Sometimes I wonder if these issues are slightly manufactured, somewhere from the depth of our culture’s general anti-intellectual bent — not to mention our culture’s overbearing message to acheive! acheive! acheive! above all else. (Ever heard that one, at-home moms?) My daughter has some obvious natural talents in music and writing. Guess what she is driven to do for hours on end? [hint: right now she and her sister are creating a musical about the seasons] She has a gift for learning language — guess what she’s asked to study in homeschool? Is it hard for her? Who cares?!

Not to extrapolate facts from my own experience, but my reading on giftedness suggests that kids who have a natural talent often display it because of their inner drive to do so. I think it is not that simple to distinguish talent from effort.

Finally, I think there is room for praising innate qualities. I love to be told things like, “you have a nice voice,” or “you have a gift for writing,” or “you have a talent for leadership.” When people talk about my work ethic, it is more like, “you work too hard,” or “I don’t know how you do it,” and those things don’t feel as good (especially because I know the “how I do it” is by neglecting other important things).

I often praise my kids by saying things like, “You are fun to be with,” and “You have a good sense of humor,” and “You are a good helper,” in addition to the specific praise like, “That was a very thoughtful thing to do,” and “It’s so nice to see sisters playing nicely together.” I want to raise my kids to work (reasonably) hard, but I also want to raise them believing that they — and everyone — have worth not because of what they do but just because they are.

If you are interested in this topic, I would encourage you to read the article and post your thoughts on your blog, and put a link to your post in the comments. (Or comment, of course, but I know how loquacious and thoughtful you all are.

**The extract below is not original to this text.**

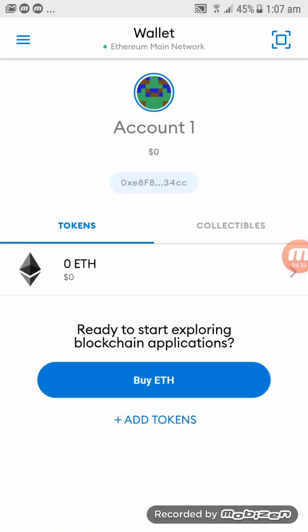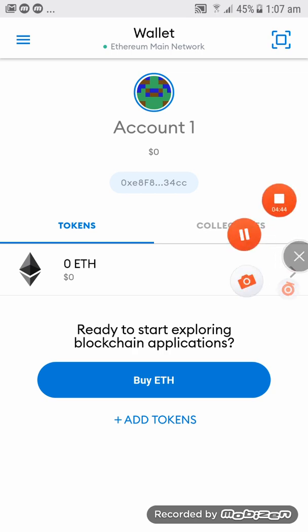And here you go. Here's your account. You have imported from Trust Wallet to MetaMask. So thank you all. Bye for now.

Filed under Gifted Ed, Gifted Heart and Soul, In the News, Learning Styles

9 responses to “What’s so great about hard work; or, another look at praise

  1. I’ve written a post, of course 😉 It’s here: http://homespunschool.blogspot.com/2007/12/shaun-has-me-pegged.html

    Thank you for once again writing an excellent, thought-provoking post. Good work! 😉

  2. Good post!

    I do think it is hard for smart people to be told that their successes mean less than those of someone “who really had to work for it.” I think that is just sour grapes on the part of people who are uncomfortable with intelligence.

    It makes me discouraged sometimes.

    There is a lot I want to say about this but I will try to put it on my own blog.

  3. alicefairyland

    I think you make so many interesting points as well as sensible points. I really am conflicted on this, there must be a happy medium.

  4. That was me logged in as Ami. 🙂

  5. Well anyone telling you your success is meaningless because it came easy for you is an ass – that’s not really what the article is about. I read some version of this article in New York magazine recently, and all I can say as a formerly gifted kid is that almost Every Word Rang True. KNOWING that I was smarter than 99% of humanity was Not empowering. I think our host is right about WORK being another potentially problematic way of measuring people, but I honestly believed effort was for Suckers when I was growing up, and I known Lots of current and former smart kids who believe(d) the same. Not good. Disabling, in fact – not good at dealing with failure At All. Etc.

    Surely we all can see that encouraging effort in kids – encouraging to challenge themselves, to risk failure – is a good thing, while suggesting in any way that their worth as a human being is contingent on it is horrible. That said, the balance is admittedly difficult to strike. And yet who said this was going to be easy?